• [WHAT THE TASK REQUIRES]:
Write out again, exactly, the lines below starting at the one with "canqan avto: Changan" and ending at the one with "Vloerkleed 'Off White design'".

[Scraped caption text data]

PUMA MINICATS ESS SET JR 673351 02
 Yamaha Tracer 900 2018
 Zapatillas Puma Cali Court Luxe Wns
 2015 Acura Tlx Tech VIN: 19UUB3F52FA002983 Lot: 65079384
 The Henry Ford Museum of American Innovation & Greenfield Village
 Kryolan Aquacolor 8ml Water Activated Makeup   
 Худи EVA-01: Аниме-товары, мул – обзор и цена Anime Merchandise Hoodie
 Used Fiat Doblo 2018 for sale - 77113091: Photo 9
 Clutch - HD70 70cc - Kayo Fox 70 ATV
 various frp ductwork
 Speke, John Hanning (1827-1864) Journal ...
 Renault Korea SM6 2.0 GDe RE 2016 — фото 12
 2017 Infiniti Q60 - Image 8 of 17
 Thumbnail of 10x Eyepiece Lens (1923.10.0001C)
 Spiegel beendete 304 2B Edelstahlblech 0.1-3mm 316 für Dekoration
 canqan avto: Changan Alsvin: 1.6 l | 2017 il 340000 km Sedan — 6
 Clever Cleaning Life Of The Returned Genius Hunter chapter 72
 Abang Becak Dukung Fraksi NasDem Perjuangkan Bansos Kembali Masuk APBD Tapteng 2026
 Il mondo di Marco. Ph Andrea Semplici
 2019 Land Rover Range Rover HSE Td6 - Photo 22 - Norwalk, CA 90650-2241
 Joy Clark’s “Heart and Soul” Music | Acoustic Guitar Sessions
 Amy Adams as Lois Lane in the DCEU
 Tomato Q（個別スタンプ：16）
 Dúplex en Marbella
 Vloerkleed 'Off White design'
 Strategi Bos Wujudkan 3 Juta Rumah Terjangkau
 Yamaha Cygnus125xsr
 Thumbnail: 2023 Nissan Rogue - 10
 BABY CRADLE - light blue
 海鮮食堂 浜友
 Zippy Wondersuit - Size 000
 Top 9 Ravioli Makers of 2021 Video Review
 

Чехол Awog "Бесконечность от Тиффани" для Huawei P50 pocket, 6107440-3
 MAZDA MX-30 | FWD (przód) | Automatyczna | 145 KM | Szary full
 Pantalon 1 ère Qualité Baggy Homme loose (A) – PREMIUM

• [PROBLEM SOLUTION]:
 canqan avto: Changan Alsvin: 1.6 l | 2017 il 340000 km Sedan — 6
 Clever Cleaning Life Of The Returned Genius Hunter chapter 72
 Abang Becak Dukung Fraksi NasDem Perjuangkan Bansos Kembali Masuk APBD Tapteng 2026
 Il mondo di Marco. Ph Andrea Semplici
 2019 Land Rover Range Rover HSE Td6 - Photo 22 - Norwalk, CA 90650-2241
 Joy Clark’s “Heart and Soul” Music | Acoustic Guitar Sessions
 Amy Adams as Lois Lane in the DCEU
 Tomato Q（個別スタンプ：16）
 Dúplex en Marbella
 Vloerkleed 'Off White design'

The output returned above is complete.